- PROBLEM TO SOLVE:
Your answer should consist of every line in the records that holds "Rover".

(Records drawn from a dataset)
▼
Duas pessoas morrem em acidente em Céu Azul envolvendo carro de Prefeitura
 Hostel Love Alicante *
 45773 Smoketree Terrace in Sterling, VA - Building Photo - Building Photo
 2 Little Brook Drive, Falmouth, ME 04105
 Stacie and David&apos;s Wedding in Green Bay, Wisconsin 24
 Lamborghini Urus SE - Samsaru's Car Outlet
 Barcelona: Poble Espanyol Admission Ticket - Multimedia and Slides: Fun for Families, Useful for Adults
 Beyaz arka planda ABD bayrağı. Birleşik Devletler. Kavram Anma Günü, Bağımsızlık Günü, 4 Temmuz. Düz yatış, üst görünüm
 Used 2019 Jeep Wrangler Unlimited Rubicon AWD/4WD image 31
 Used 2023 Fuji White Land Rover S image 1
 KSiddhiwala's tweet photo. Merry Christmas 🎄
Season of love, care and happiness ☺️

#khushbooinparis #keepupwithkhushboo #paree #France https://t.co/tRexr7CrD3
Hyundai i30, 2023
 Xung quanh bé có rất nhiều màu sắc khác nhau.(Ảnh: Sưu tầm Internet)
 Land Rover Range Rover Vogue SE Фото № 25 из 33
▲
- ANSWER:
 Used 2023 Fuji White Land Rover S image 1
 Land Rover Range Rover Vogue SE Фото № 25 из 33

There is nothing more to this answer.